Dream On Dreamers – Getting the Most Out of Dream Time

During sleep, the brain has a ‘to do’ list that makes the average fairy godmother look like a lightweight.

As well as keeping us alive, it finds creative solutions to problems, consolidates memories, works through painful ones, stimulates new insight, processes emotion and works on important unfinished issues. Dreams are a critical part of the process. Here’s how to make them work for you …

Dreams are the work of a busy mind sorting through the information it’s collected during the day – some of it consciously and some of it not – to process information, emotion and solve problems.

The adage ‘sleep on it’, didn’t make itself into everyday language by bribery or coercion. It’s there because there’s scientifically proven truth behind it.

Dreams can lead to rich insights and creative solutions because the part of the brain that controls rationality, logical decision making and deciding what’s socially acceptable becomes dormant during sleep.

When the gatekeeper is gone the dreaming mind is free from censorship and the rules that might kneecap creativity in waking life.

This is why we can dream ourselves flying to Malta and asking the pilot, Mick, ‘Excuse me Mr Jagger, but any chance of popping my jet on auto and jamming with us for a bit? Don’t be shy. I’ll start.’

This disinhibition is critical to thinking creatively because it allows new ideas to form.

As you could imagine, it could get a bit messy if limbs joined the party and acted out the dreams of an unrestricted mind. Fortunately during dreaming the neurons in the spinal cord are shut down so limbs can’t move.
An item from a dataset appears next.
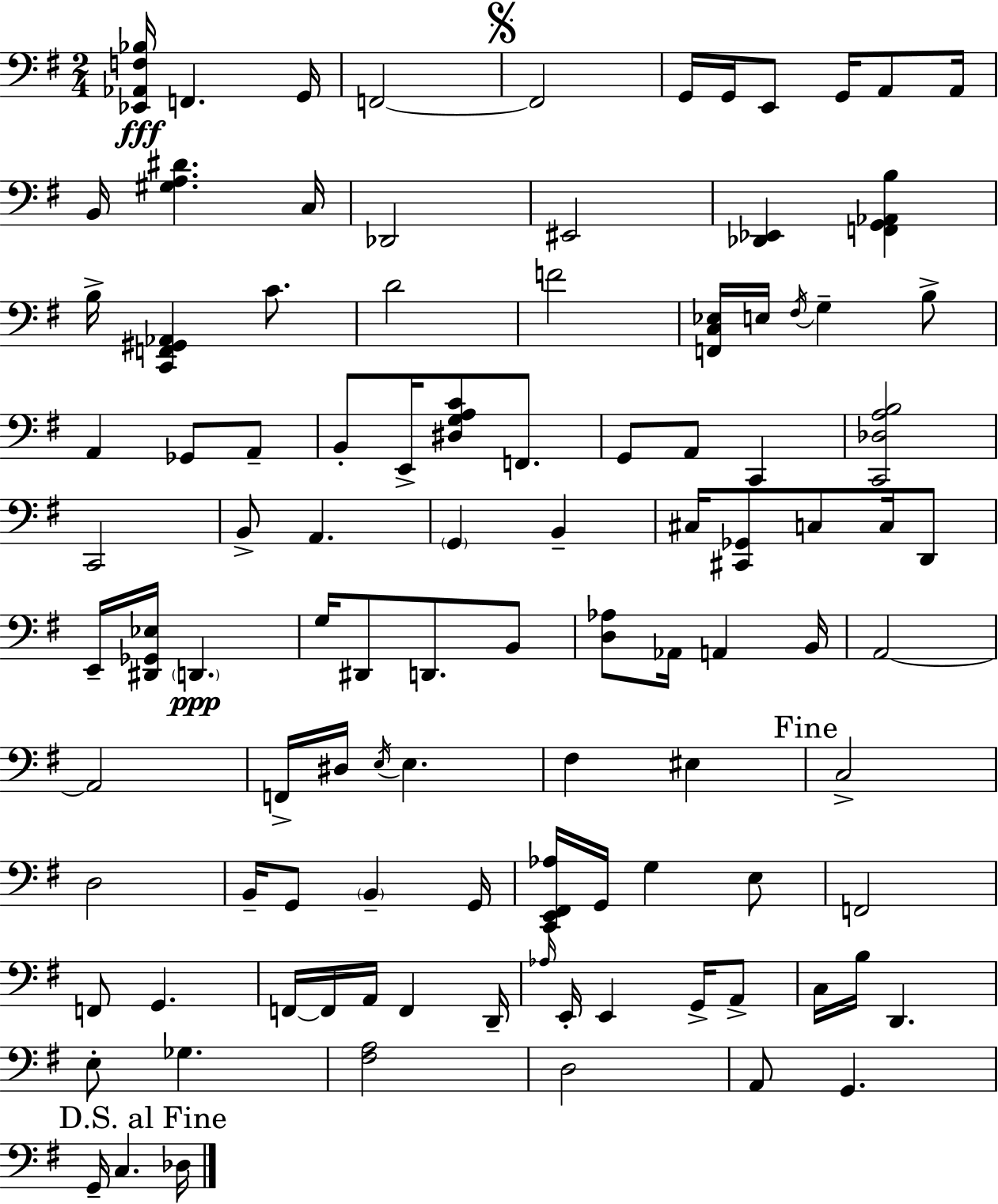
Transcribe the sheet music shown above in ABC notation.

This is done to ensure we don’t hurt ourselves or anybody else when we fight slipper-stealing ninjas, deliver a left hook to an ex (come on – who hasn’t wanted to go there) or hand over the ironing to Mr Wonderful who’s confessed his undying love because we fit the glass slipper – wait – the trackies (it’s a dream – who’d wear a glass slipper if trackies did the job).

Here are some important discoveries that were made while people were sleeping:

  • ‘Yesterday’ by The Beatles. One day in 1965 in a small room in London Paul McCartney woke up with a sweet tune playing in his head. He played it straight away, asked the fellas what they thought (they were keen) and then set about making sure he hadn’t heard it anywhere before.

    ‘I liked the melody a lot, but because I’d dreamed it, I couldn’t believe I’d written it,’ he said. Fast forward a few decades and that sweet tune is the most covered song in history.

  • Mary Shelley’s Frankenstein. During a miserable summer in 1816 Mary Shelley and a group of friends went to stay with the poet Lord Byron. With the weather particularly moody, the friends were often forced inside where they told ghost stories.

    One night Lord Byron suggested a competition that involved everybody making up their own ghost story. That night, Mary Shelley went to bed and a story ‘haunted her midnight pillow’. The story was Frankenstein, and it’s genius is still celebrated today.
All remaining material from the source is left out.